Introducing Valhall: A new ISA for Modern Workloads

At the heart of the new Valhall architecture is Arm’s new execution core that differs significantly from its predecessor. It’s still a scalar design, however unlike Bifrost’s unusually narrow 4 and 8-wide design, the new execution core is more akin to what we see from desktop GPU vendors such as AMD and Nvidia.

Bifrost’s in its initial iterations on the Mali-G71 and G72 the execution block in the core consisted of a 4-wide scalar SIMD units and with a warp/wavefront size of also 4. On the G76 last year this was increased to two 4-wide units with a warp size of 8. Initially during the design of Bifrost, Arm’s rationale for going with such narrow units and warp sizes was to reduce the amount of idle cycles on the ALUs. Workloads back then weren’t able to efficiently fill enough threads to justify for going for larger warp design. The benefit here is that in theory Arm would have achieved better ALU utilisation at a cost of more control logic.

As new generation workloads over the years have evolved though, this approach suddenly didn’t make much sense anymore. Today’s games are quickly advancing towards more compute complexity, and in particular in the last year or two we’ve seen games ported to mobile that originated on the PC.

With shader compute complexity going up, it is much easier to issue more threads and justify for going to a wider warp design. In this case, the new Valhall architecture supports a 16-wide warp-based execution model. It’s still not quite as wide as Nvidia’s 32-wide or AMD’s 64-wide designs, but it’s a big leap considering that before last year Mali GPUs were working with a 4-wide warp execution model.

Arm has also changed the ISA itself and simplified a lot of the instructions. While we don’t have more details, the new ISA is said to be more compiler friendly and adapted and designed to be better aligned with modern APIs such as Vulkan.

Previous Bifrost GPUs and even Midgard GPUs before that we saw a single GPU core employ multiple execution engines. These 3 engines would have their own dedicated datapath control logic, their own scheduler and instruction caches and register file and messaging blocks, which naturally creates quite a lot of overhead transistors. Particularly on the high-end this didn’t make sense anymore as we hadn’t seen the GPU IP vary the number of execution engines since the T860/880 series 4+ years ago.

The new G77 consolidates the previous generations “small” execution engines into a single larger IP block with shared control logic. There’s still some duplication in the IP design of the new engine: the actual ALU pipelines are organised into two “clusters”, each with their own 16-wide FMA units as well as accompanying execution units.

Part of the new ISA is a new encoding which is more regular in comparison to what we saw in Bifrost. An important new feature of the Valhall architecture is that the new ISA gets rid of fixed issue scheduling, clauses and tuples. In Bifrost, Arm delegated scheduling of instructions to the compiler, grouping them in so called clauses. This worked in practice, although it put a lot of work onto the compiler to get the best results in attempting to hide latency between instructions and data accesses.
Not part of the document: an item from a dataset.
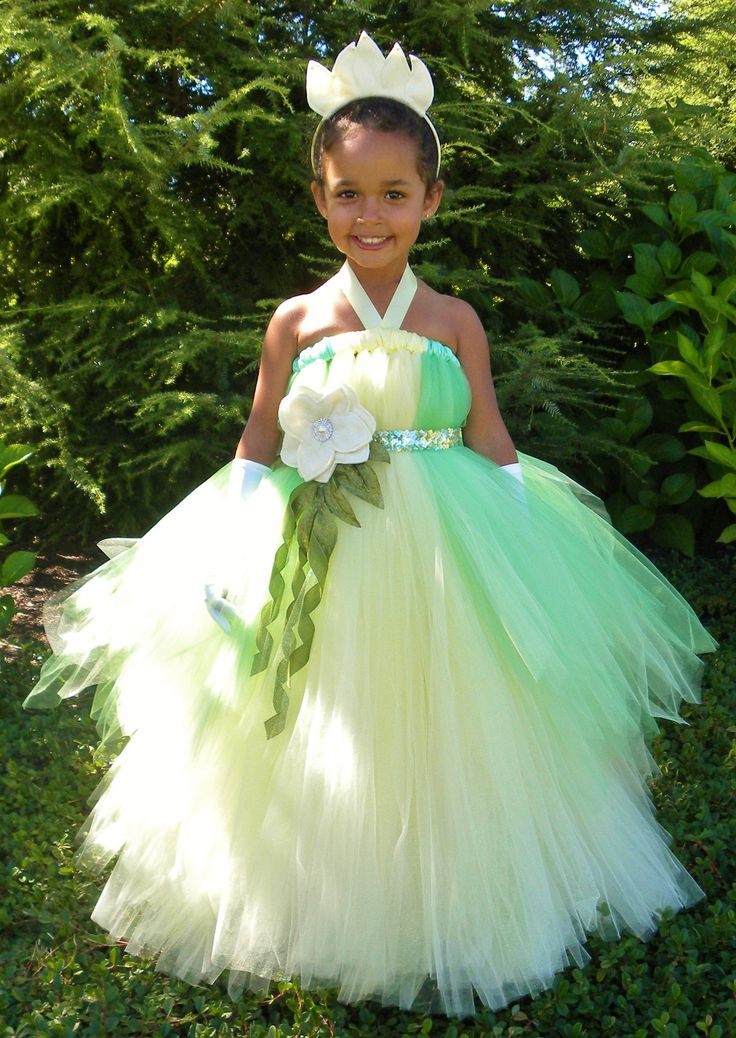 Princess And The Frog Party, Unique Flower Girl Dresses, Tiana Costume, Green Flower Girl Dresses, Princess Tutu Dresses, Frog Party, Princesa Tiana, Tutu Ideas, Tulle Dresses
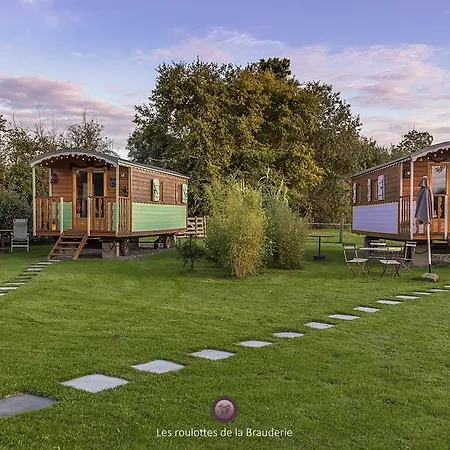 Les Roulottes De La Brauderie Panzió Brissarthe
In Valhall, the scheduling is completely done by hardware, which is essentially more akin to how an out-of-order CPU works. This new design also means that the actual ISA is more disconnected from the implemented microarchitecture, a more forward-thinking design choice.

The new ISA also put a focus on optimising texturing instructions, which is linked to the new architecture’s much increased texturing capability.

Other changes include incremental updates to existing technologies and evolution of the data structures, which includes optimisations to the geometry flow and optimisations to AFBC (Arm frame-buffer compression).

Delving deeper into the structure of the execution engine, we see that the structure can generally be grouped into four blocks: the front-end which includes the warp scheduler and I-cache, two identical datapath clusters (processing units), and the message block which connects to the load/store unit as well as the fixed-function blocks.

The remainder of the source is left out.